*Directions for this task*
Which lines of the data contain the string "Women"? Copy every one of them.

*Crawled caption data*
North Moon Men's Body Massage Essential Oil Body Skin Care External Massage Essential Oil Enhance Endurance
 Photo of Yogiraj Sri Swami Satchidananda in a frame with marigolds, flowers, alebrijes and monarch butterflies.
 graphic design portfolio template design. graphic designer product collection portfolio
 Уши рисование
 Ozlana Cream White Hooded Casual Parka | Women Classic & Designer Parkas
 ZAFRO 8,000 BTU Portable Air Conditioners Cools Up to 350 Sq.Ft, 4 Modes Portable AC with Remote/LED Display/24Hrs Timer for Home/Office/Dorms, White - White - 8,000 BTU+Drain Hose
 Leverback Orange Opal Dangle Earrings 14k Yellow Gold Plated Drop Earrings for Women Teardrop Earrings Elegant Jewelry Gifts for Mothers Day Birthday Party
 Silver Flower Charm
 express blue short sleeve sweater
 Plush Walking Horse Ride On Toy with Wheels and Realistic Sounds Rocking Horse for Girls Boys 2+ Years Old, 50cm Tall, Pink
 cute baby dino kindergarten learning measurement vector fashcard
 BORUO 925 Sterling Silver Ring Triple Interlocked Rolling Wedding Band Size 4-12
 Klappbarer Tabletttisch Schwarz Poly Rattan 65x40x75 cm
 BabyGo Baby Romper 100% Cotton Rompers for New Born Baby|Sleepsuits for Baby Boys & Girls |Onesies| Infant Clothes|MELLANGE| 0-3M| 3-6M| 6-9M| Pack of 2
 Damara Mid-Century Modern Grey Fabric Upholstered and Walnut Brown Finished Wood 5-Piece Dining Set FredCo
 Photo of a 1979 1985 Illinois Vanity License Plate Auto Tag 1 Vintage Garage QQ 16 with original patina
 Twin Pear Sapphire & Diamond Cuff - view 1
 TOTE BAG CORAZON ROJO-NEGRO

*Output below*
 Ozlana Cream White Hooded Casual Parka | Women Classic & Designer Parkas
 Leverback Orange Opal Dangle Earrings 14k Yellow Gold Plated Drop Earrings for Women Teardrop Earrings Elegant Jewelry Gifts for Mothers Day Birthday Party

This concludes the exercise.